Extracted data entries
************
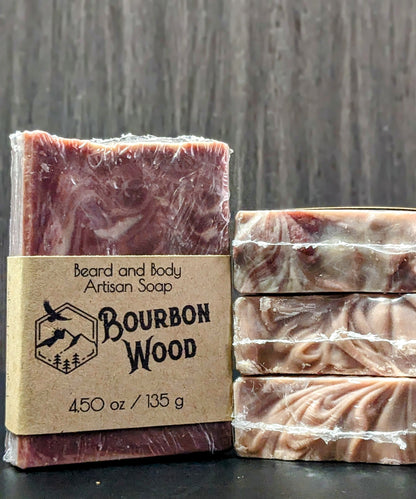 Beard and Body Soap
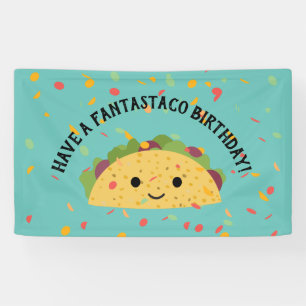 Banderoles Drôle Avoir Fantastaco Anniversaire Cute Kawaii Ta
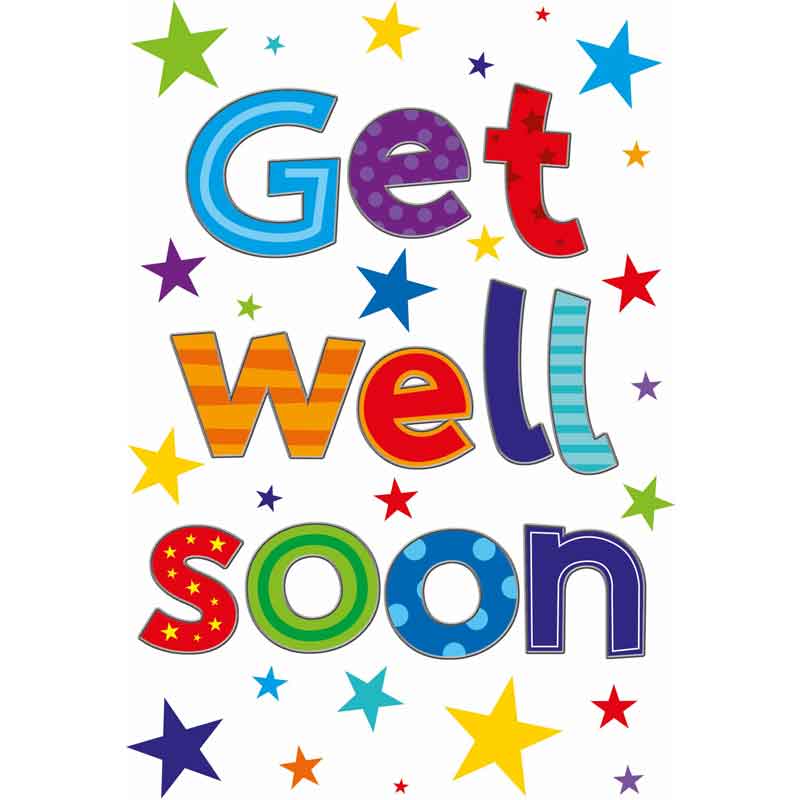 Get Well Soon Card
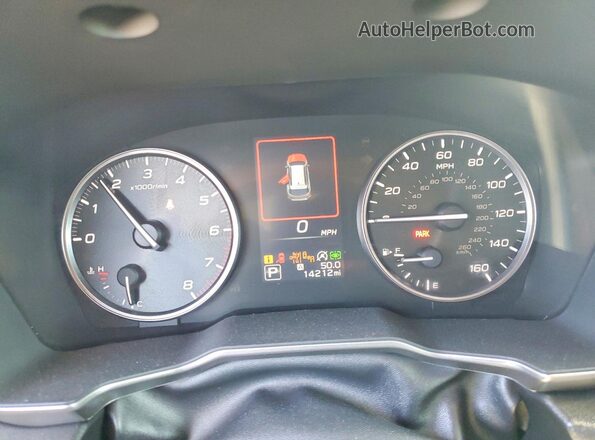 4S4BTGPD3R3163329 2024 SUBARU OUTBACK Silver ხელსაწყოთა პანელის ხედი
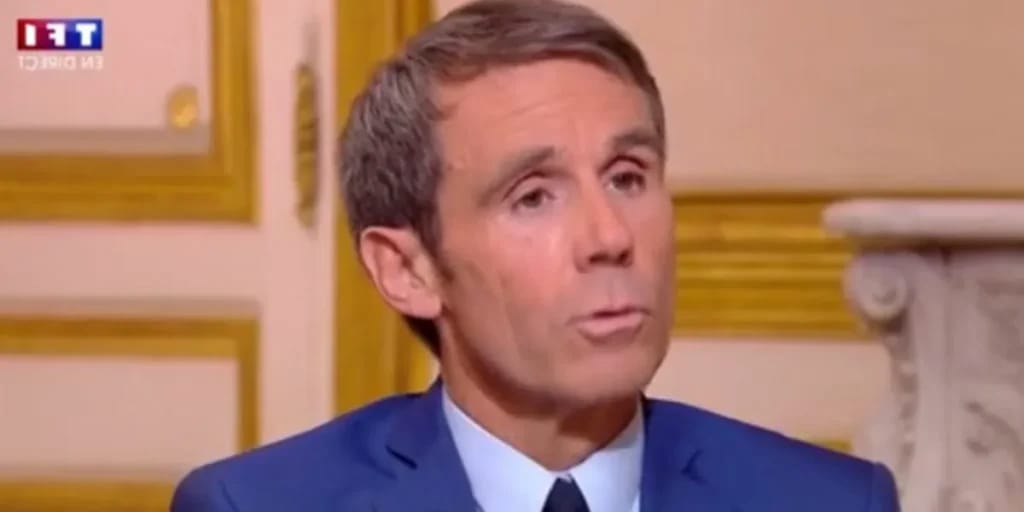 David Pujadas on TF1 - illustration of the article Fortune David Pujadas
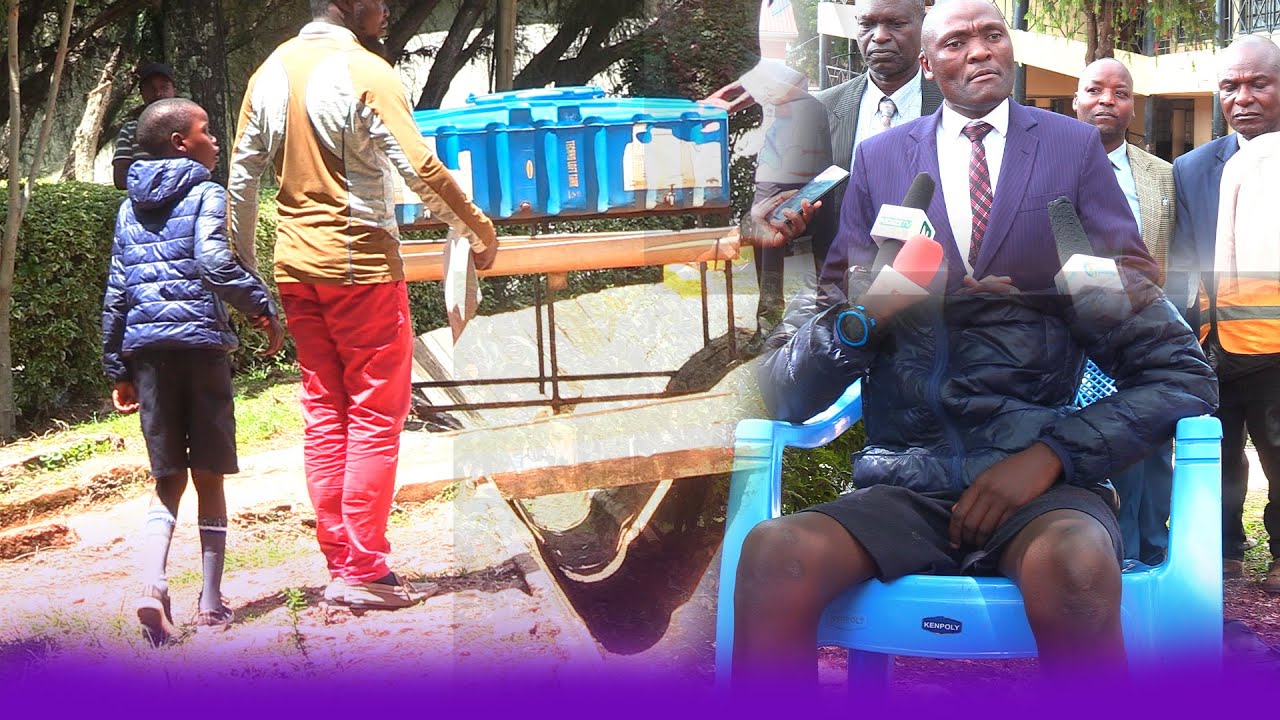 Kisii: Shocking details, Boy who was beaten 107 strokes by a  rogue Teacher speaks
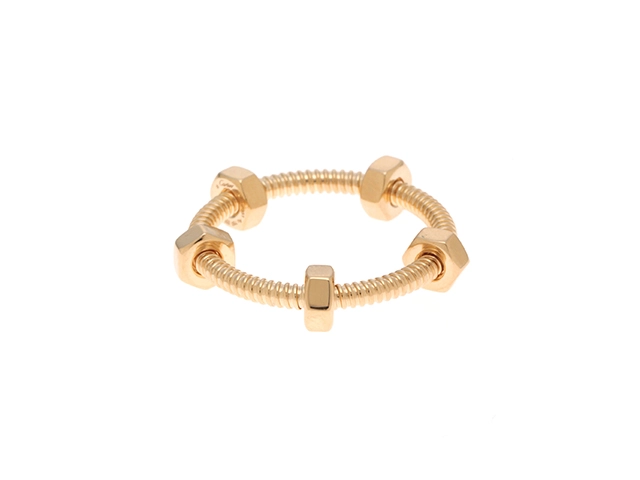 Cartier カルティエ エクルドゥ リング K18 ゴールド #60 8.5g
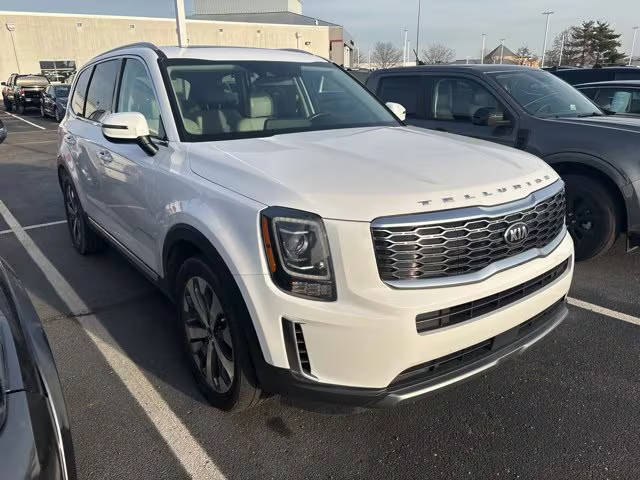 2021 Kia Telluride S AWD photo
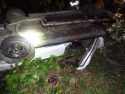 Hit and run rollover crash in Sonora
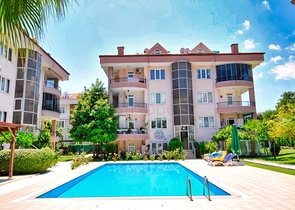 Квартира планировки 3+1 микрорайоне Асланбуджак - Кемер 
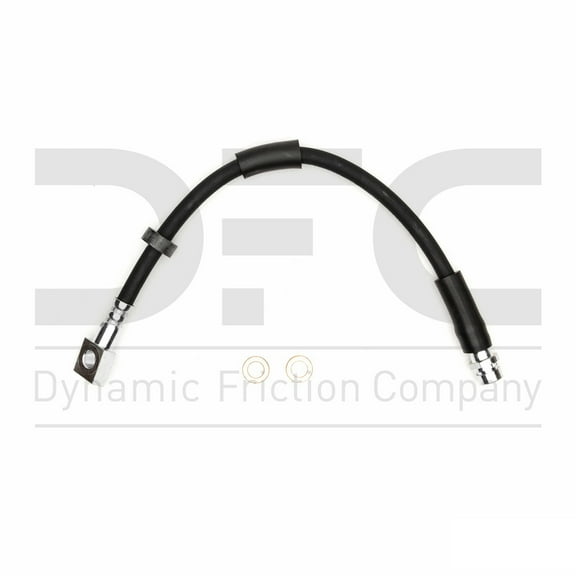 Rear Dynamic Friction Company Brake Line Hose 350-20060 For 2002-2008 Jaguar X-Type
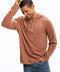 Slub Jersey Pullover Hoodie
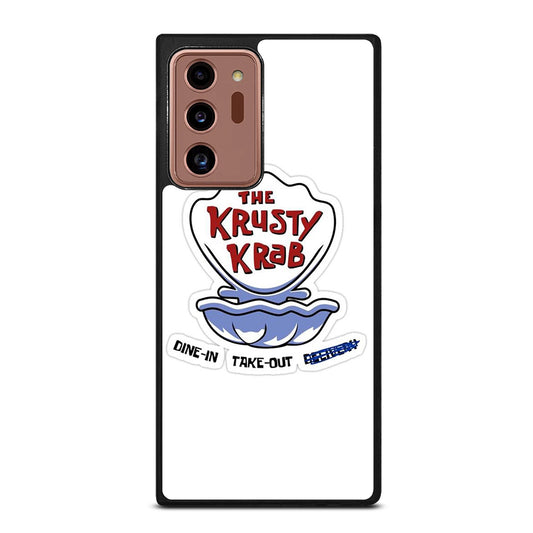 KRUSTY CRAB SPONGEBOB LOGO Samsung Galaxy Note 20 Ultra Case Cover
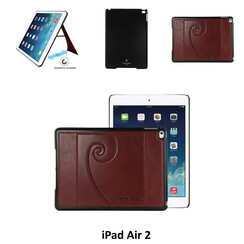 Apple Back Cover Tablet Rouge pour iPad Air 2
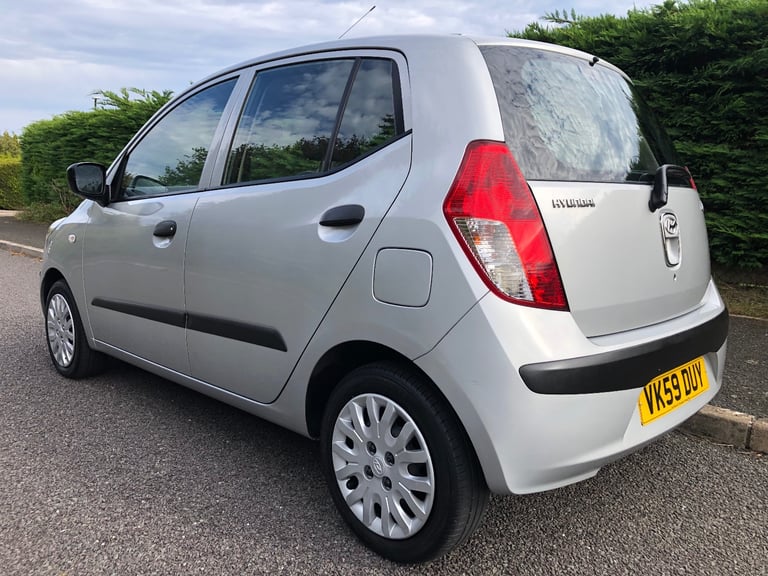 Hyundai, I10, Hatchback, 2009, Manual, 1248 (cc), 5 doors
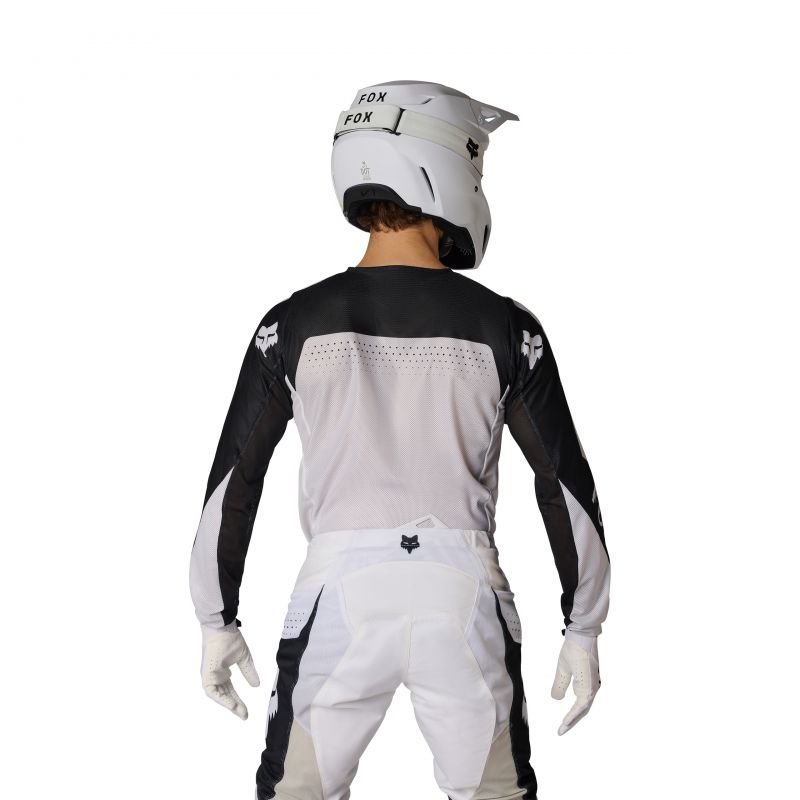 Bluza Motocyklowa Fox 180 Air Taper Black White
************
Write out every record above exactly as it stands, but leave out the pictures.

YOUR SOLUTION:
 Beard and Body Soap
 Banderoles Drôle Avoir Fantastaco Anniversaire Cute Kawaii Ta
 Get Well Soon Card
 4S4BTGPD3R3163329 2024 SUBARU OUTBACK Silver ხელსაწყოთა პანელის ხედი
 David Pujadas on TF1 - illustration of the article Fortune David Pujadas
 Kisii: Shocking details, Boy who was beaten 107 strokes by a  rogue Teacher speaks
 Cartier カルティエ エクルドゥ リング K18 ゴールド #60 8.5g
 2021 Kia Telluride S AWD photo
 Hit and run rollover crash in Sonora
 Квартира планировки 3+1 микрорайоне Асланбуджак - Кемер 
 Rear Dynamic Friction Company Brake Line Hose 350-20060 For 2002-2008 Jaguar X-Type
 Slub Jersey Pullover Hoodie
 KRUSTY CRAB SPONGEBOB LOGO Samsung Galaxy Note 20 Ultra Case Cover
 Apple Back Cover Tablet Rouge pour iPad Air 2
 Hyundai, I10, Hatchback, 2009, Manual, 1248 (cc), 5 doors
 Bluza Motocyklowa Fox 180 Air Taper Black White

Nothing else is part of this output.